La plasticité du vivant: histoire d'un concept et enjeux pour la biologie
L’objectif est de clarifier la signification du concept de « plasticité » en biologie. Cette notion est utilisée dans de nombreux domaines de la biologie (aussi bien en biologie du développement, qu’en écologie ou en génétique). Cette utilisation multiple, plutôt que de rapprocher les différentes disciplines de la biologie, semble constituer un élément problématique pour sa définition et sa compréhension. Ce constat me conduit à m’interroger sur le statut ontologique de ce concept. D’autre part, une analyse historique de cette notion semble fondamentale notamment afin de distinguer une utilisation du concept de plasticité plus ancienne et qui fait référence à une sorte d’ « intuition de la créativité du vivant », qui est transversale aux disciplines et une notion de plasticité qui est utilisé comme un concept scientifique plus ou moins technique, parfois corrélée à des données statistiques et qui diffère selon les disciplines. Dans cette démarche je tenterais de distinguer les entités plastiques en fonction de leur statut ontologique et de l’importance qu’elles peuvent avoir notamment pour comprendre l’évolution. Ce travail implique aussi une compréhension de ce concept comme élément-clé possible au sein de la nouvelle synthèse de l’évolution.
résumé:
Le concept de plasticité est progressivement devenu un concept théorique essentiel dans la biologie depuis le début du XXe siècle. Les biologistes s’y réfèrent aussi bien en biologie du développement, pour caractériser la potentialité des cellules à se diviser et à se différencier, en écologie, pour décrire la pluralité des formes observables pour une espèce donnée en fonction des environnements dans lesquels elle se développe, ou encore en génétique, pour préciser la manière dont l’information génétique peut être régulée.

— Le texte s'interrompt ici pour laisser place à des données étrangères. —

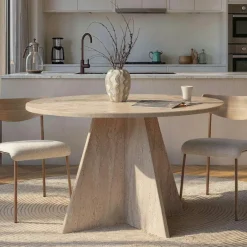 MARFA Tables À Manger En Bois|Tables À Manger Rondes|Table à manger ronde effet travertin Ø120 cm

Certains auteurs en sont même venus à se demander si le concept de plasticité n’avait pas acquis aujourd’hui l’importance théorique qui avait été accordée au concept de gène en biologie au début du siècle précédent. Dans cette étude, nous proposons une analyse historique et épistémologique du concept de plasticité dans les sciences du vivant. Nous montrons que si le concept opératoire de plasticité sert à caractériser un paradigme épistémique donné – c’est-à-dire le maintien d’un usage singulier, désormais daté, du concept, fortement lié à l’émergence de la génétique –, la récurrence de l’idée générale de plasticité, tout au long de l’histoire des sciences du vivant, signale son caractère essentiel pour envisager certains phénomènes du vivant. Cette étude montre également que si le concept de plasticité est devenu un élément-clé pour penser une « synthèse étendue » de l’évolution, son importance heuristique pour la biologie contemporaine ne se limite pas à cette seule ambition : tel qu’il est mobilisé dans la biologie contemporaine, le concept de plasticité cherche le plus souvent à rendre compte d’une spécificité du vivant.